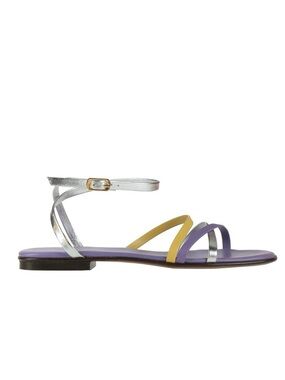 Baldinini Silver, Purple & Yellow Strappy Ankle-Sling Sandals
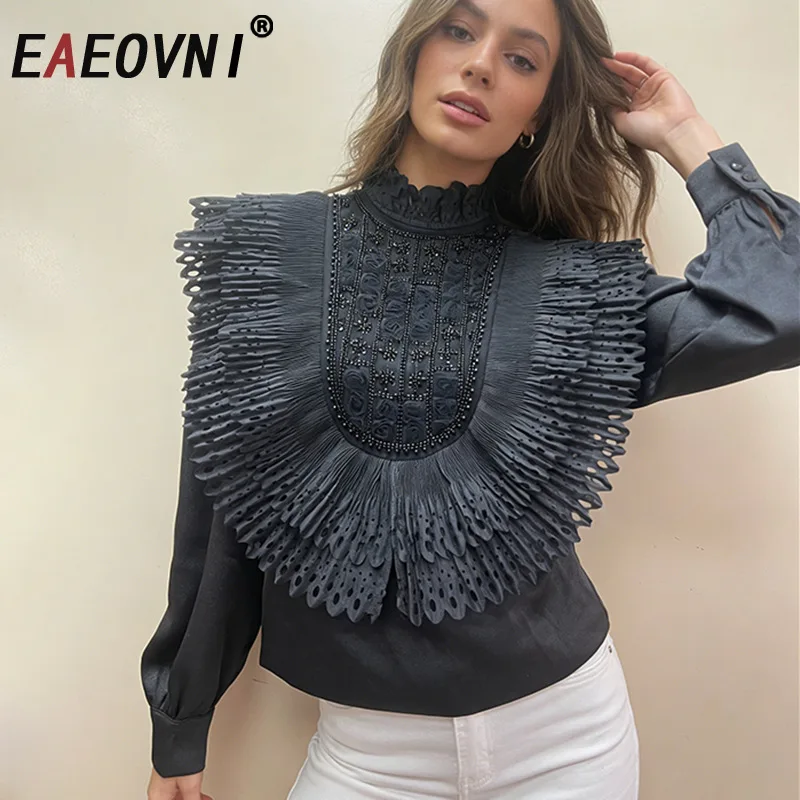 

Новая женская блузка EAEOVNI 2026: модный дизайн с плиссировкой, пайетками и лоскутной отделкой, однотонные топы с длинным рукавом, уличная одежда
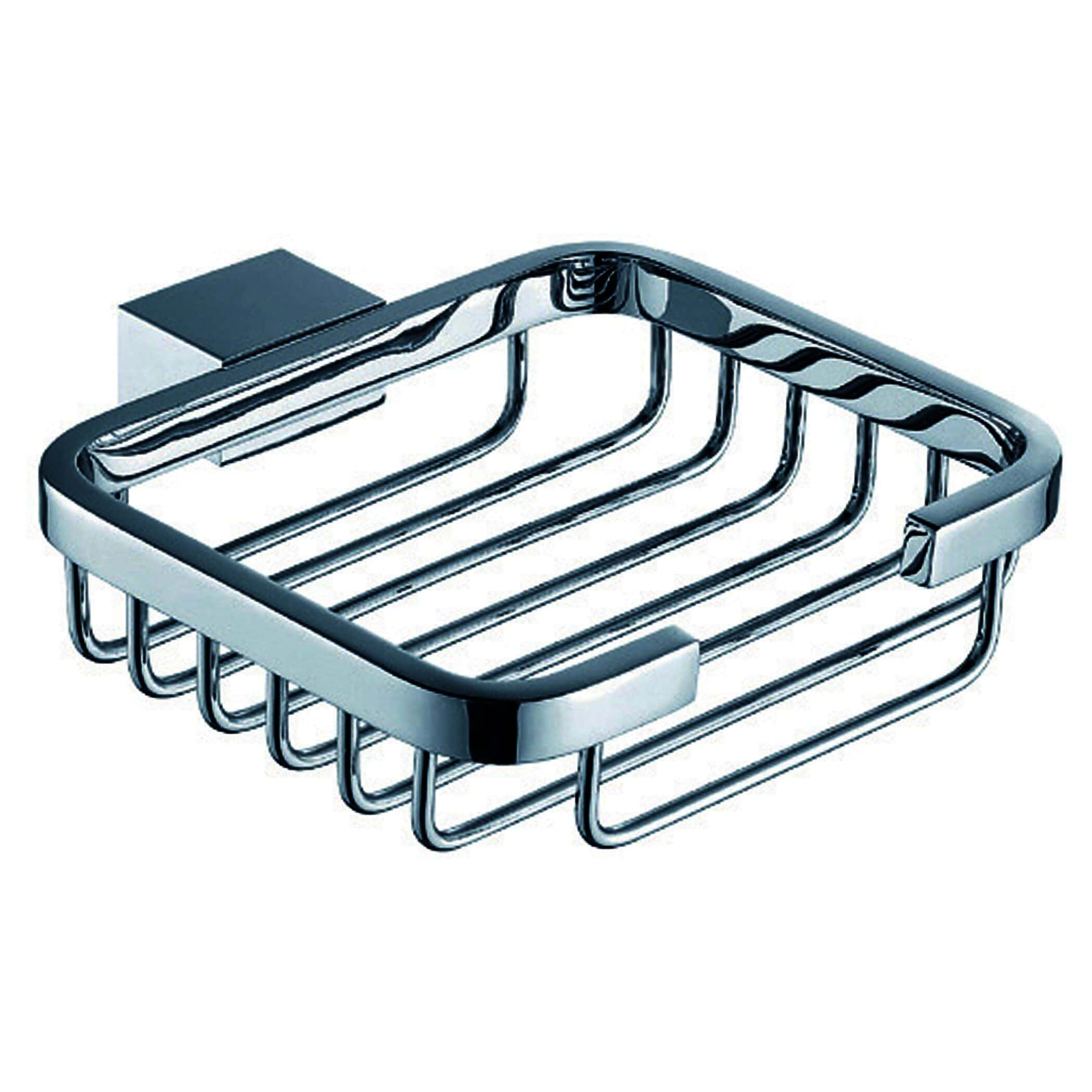 Sleek chrome shower soap holder with multiple bars for soap storage, ideal for modern bathrooms and enhancing bathroom organisation.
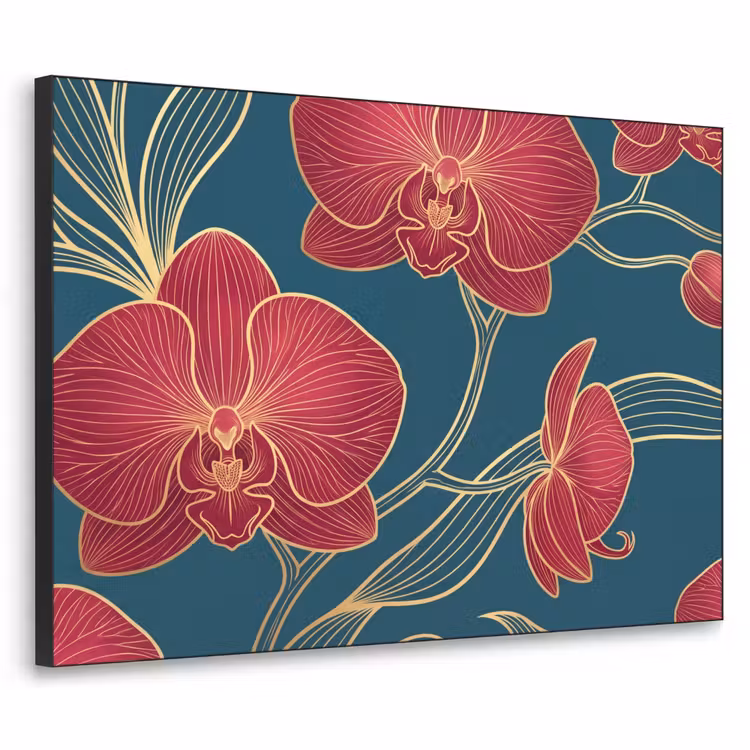 Art Frame - Bloemen - Rood - Goud — 1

• [Exercise]
Copy all of the listing word for word, minus the images.

• [Problem solution]
 Baldinini Silver, Purple & Yellow Strappy Ankle-Sling Sandals

Новая женская блузка EAEOVNI 2026: модный дизайн с плиссировкой, пайетками и лоскутной отделкой, однотонные топы с длинным рукавом, уличная одежда
 Sleek chrome shower soap holder with multiple bars for soap storage, ideal for modern bathrooms and enhancing bathroom organisation.
 Art Frame - Bloemen - Rood - Goud — 1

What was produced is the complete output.